This could result in some adjustments in the locations of the dedicated transit lanes and stations.
How will the new BRT service affect local service on Route 1?+
The BRT service will replace Route 1 between Spanaway and downtown Tacoma. It will follow the same routing with the exception of stopping at the Tacoma Dome Station to provide connections to other transit service, and serving downtown using Market Street instead of Pacific Avenue.
What happens to Route 1 from Commerce Station to Tacoma Community College?+
The portion of Route 1 between downtown Tacoma and Tacoma Community College would continue to operate using the same schedule and routing as the current service. The Route 1 would connect with the BRT service at the Commerce Street Transit Center.

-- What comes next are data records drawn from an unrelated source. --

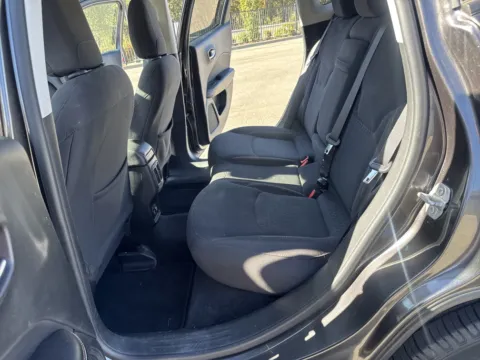 More photos of 2019 Jeep Compass Sport at Park Marina Motors, CA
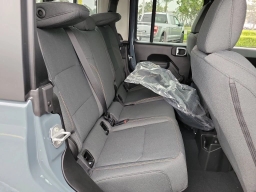 Jeep Gladiator Willys 4x4 2026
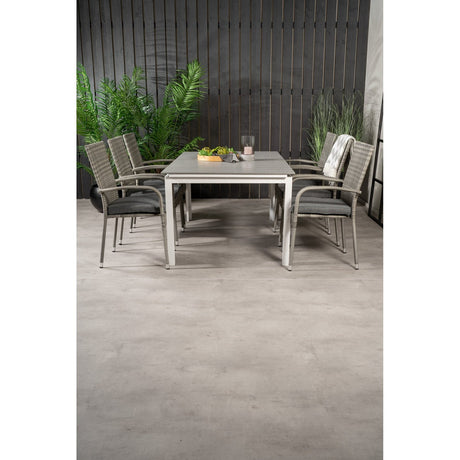 Levels bord 160/240 + Anna stoler Venture Design Spisegruppe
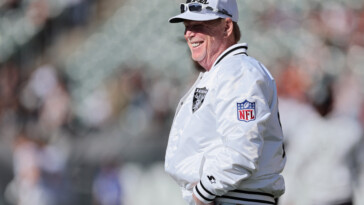 mark-davis-sells-another-chunk-of-raiders-a-month-after-tom-brady-approval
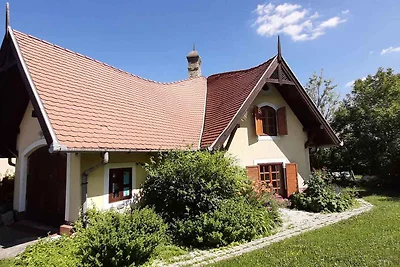 Ferienhaus mit riesengrossem Grundstück und A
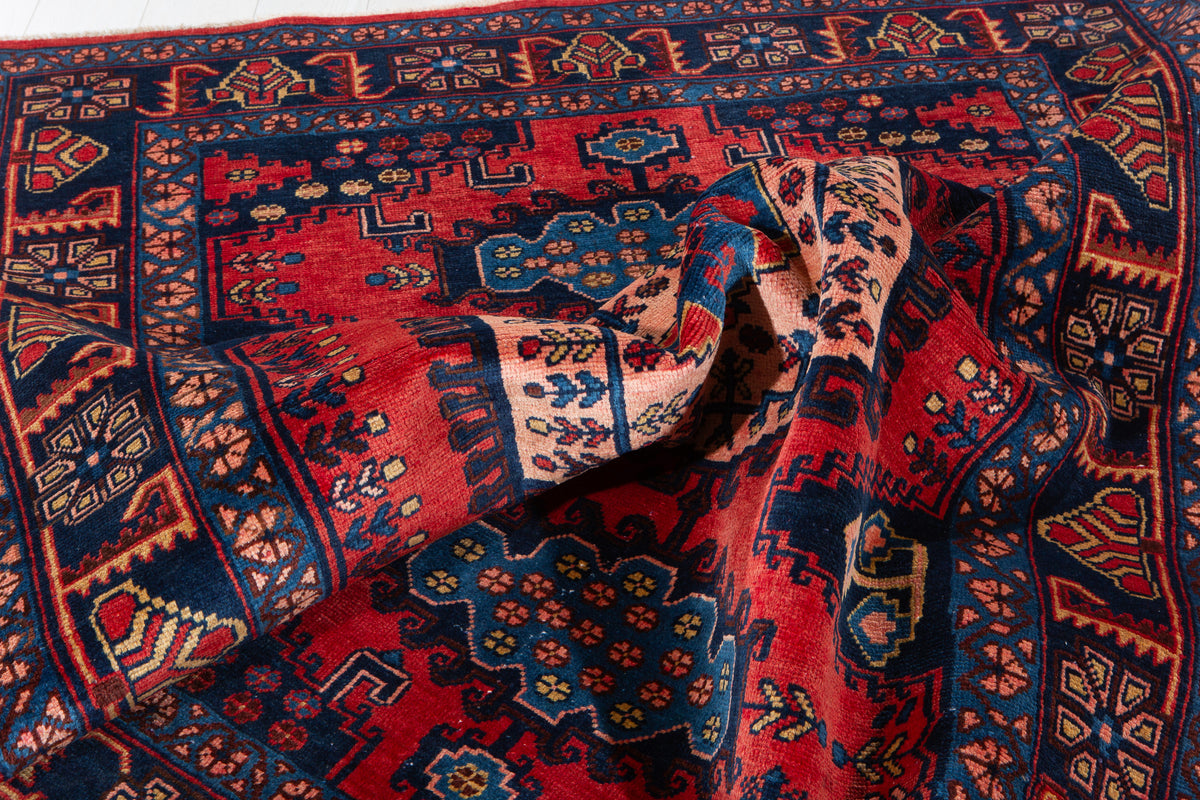 Rare Collectible Vintage Orange Red & Pink Geometric Medallion Wool Rug – 6' 8" x 5' 2" (204 x 158 cm)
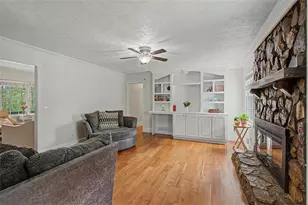 4243 Earney Rd, Woodstock, GA 30188 - Photo 4
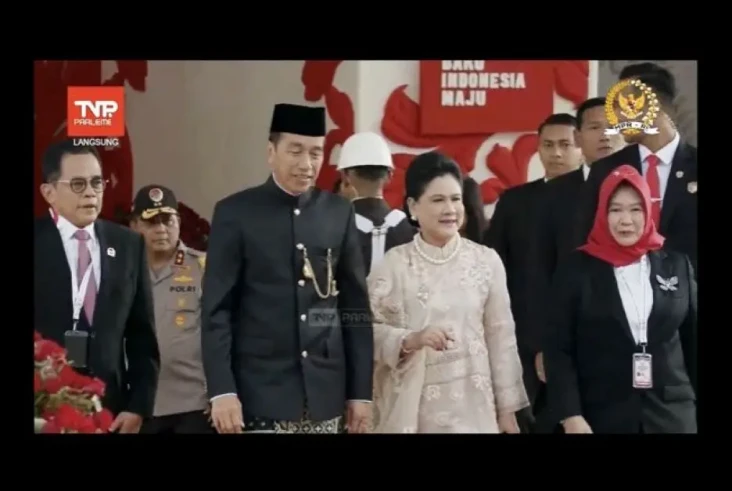 Potret Jokowi dan Iriana...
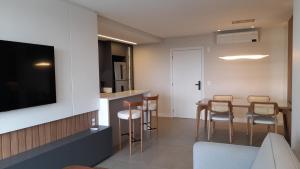 Apartamento moderno com 2 quartos, a 800m da praia Jurerê Internacional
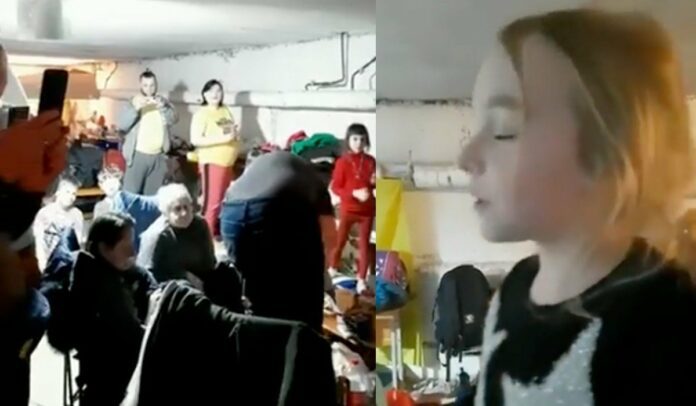 Niña ucraniana canta 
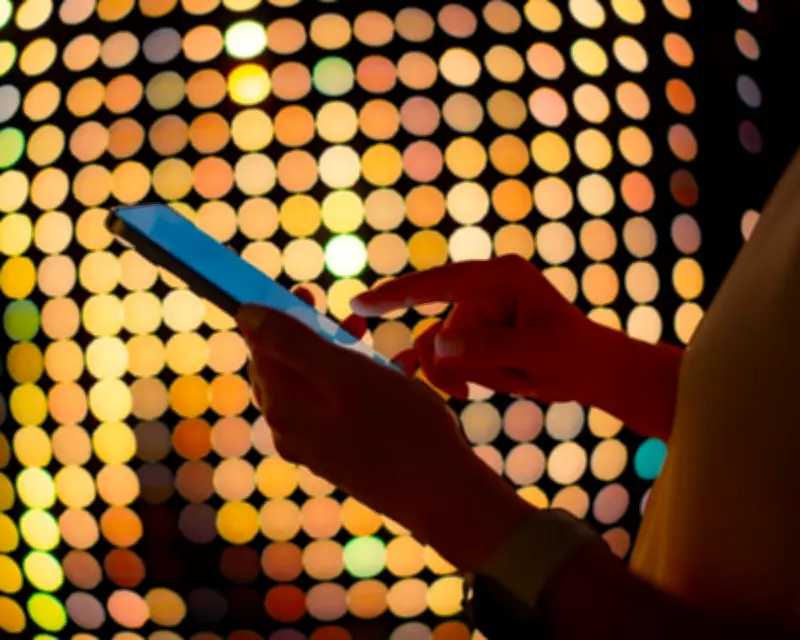 Experts Recommend Passkeys but Are Smartphone Pins Safer Than Passwords?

What will BRT mean for economic development along the corridor?+
Typically, Bus Rapid Transit systems generate increased economic development along their corridors, as people have better access to educational, vocational and job opportunities, and businesses in the area. The City of Tacoma and Pierce County have already identified this corridor for higher-density, mixed-use, transit-oriented development.
Will BRT increase or decrease congestion?+
Congestion mitigation is one of the project’s primary goals. Faster, more frequent, more reliable service will provide a competitive alternative to driving, thereby reducing the number of cars in the corridor.
Will BRT require the removal of general-purpose lanes along the corridor?+
Plans currently outlined in the feasibility study do not call for the removal of any general-purpose lanes along the corridor. In some instances, a dedicated transit lane for buses and vehicles turning right may be added, or the bus may travel in the median lane, but the scenarios under consideration do not eliminate general-purpose traffic lanes. The 14.4-mile corridor has widely-varying travel configurations, so the portion of roadway where the bus runs will likely vary throughout the corridor. On-street or surface parking could change, depending on path of travel and station locations.
Is BRT a tested transit option?+
Yes, BRT is a rapidly-growing transit mode in Washington state. In the Puget Sound area, King County Metro has RapidRide and Community Transit has Swift. In Vancouver, C-TRAN recently opened The Vine, and Spokane Transit is in the planning stages for their inaugural BRT line.
How much do BRT projects typically cost?+
BRT projects typically cost about $10 million per mile. The Pacific Avenue | SR-7 BRT project is estimated to cost about $150 million (including vehicles). By contrast, street cars cost about $30 million per mile and light rail costs $200 million per mile.
How much faster will that 14.4-mile trip be once BRT is implemented?+
The answer to this question will depend on how much of the route will have dedicated transit lanes and how much time the bus will spend in mixed traffic. The more dedicated lanes, the faster the route will run. We will have a better sense of how much faster the trip will be once the lane configurations are selected in each segment of the corridor. Typically, BRT systems operate from 15-30 percent faster than the local fixed route. Since our current fixed route (Route 1) requires as much as 55 minutes to ride from Spanaway to downtown Tacoma, the agency will do whatever is possible to design a new BRT route that reduces that travel time by the maximum amount possible.